[[ Data section, beginning ]]

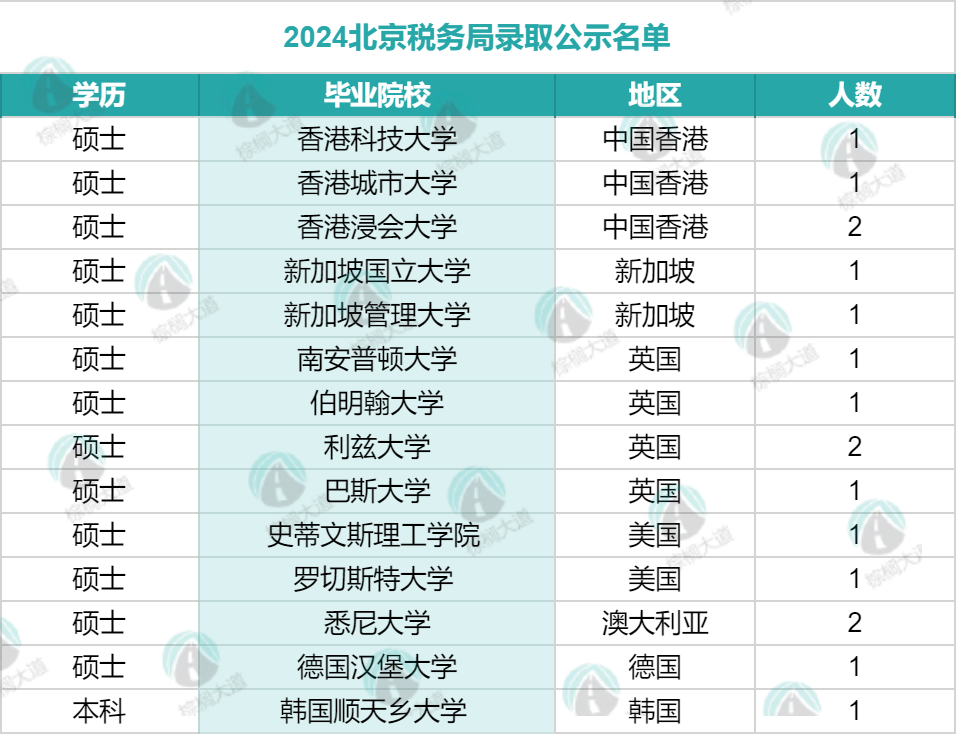 留学生上大分！国家公务员的录取名单公布！其中的留学生竟然都来自这些学校…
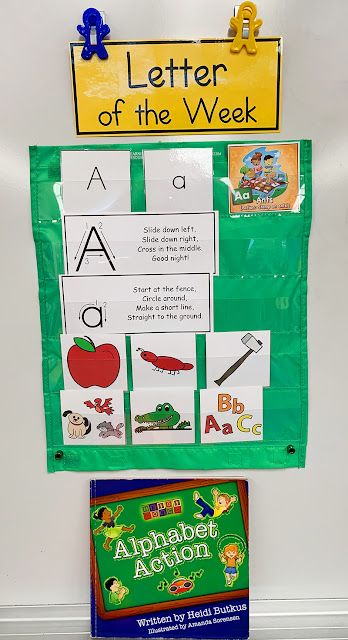 Order To Teach Alphabet Preschool, Pre K Ela Activities, Teach Abc To Toddlers, Abc Teaching Ideas, Letter P Learning Activities, Letter Learning Activities Kindergarten, Alphabet Anchor Chart Preschool, Letter Of The Day Activities Preschool, Letter A Circle Time Activities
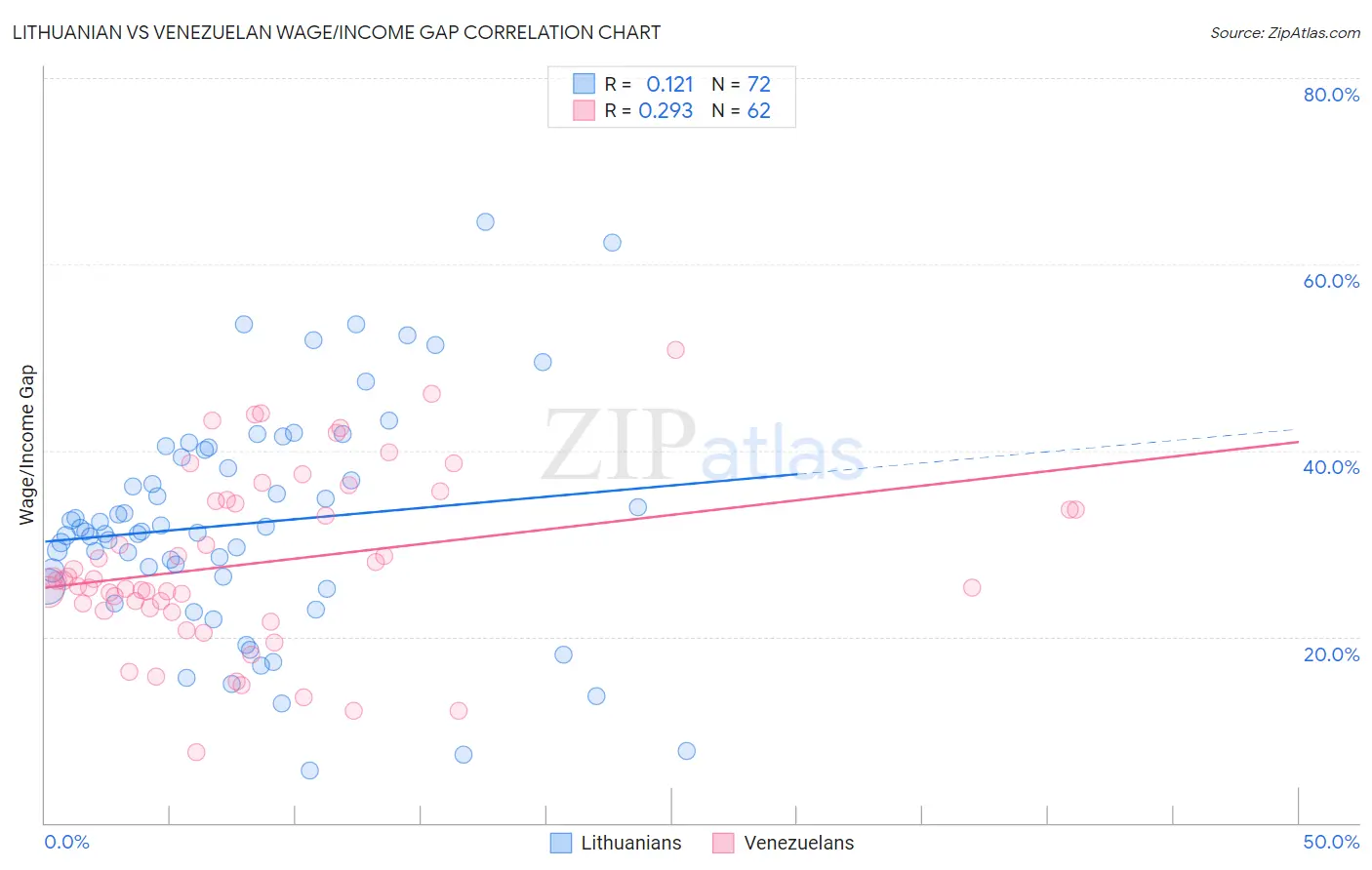 Lithuanian vs Venezuelan Wage/Income Gap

[[ Data section, end ]]

**What to produce:** Starting where a line contains "Order To Teach" and finishing at the last line above, set down every line exactly as it reads, with no pictures.

**Answer below:**
 Order To Teach Alphabet Preschool, Pre K Ela Activities, Teach Abc To Toddlers, Abc Teaching Ideas, Letter P Learning Activities, Letter Learning Activities Kindergarten, Alphabet Anchor Chart Preschool, Letter Of The Day Activities Preschool, Letter A Circle Time Activities
 Lithuanian vs Venezuelan Wage/Income Gap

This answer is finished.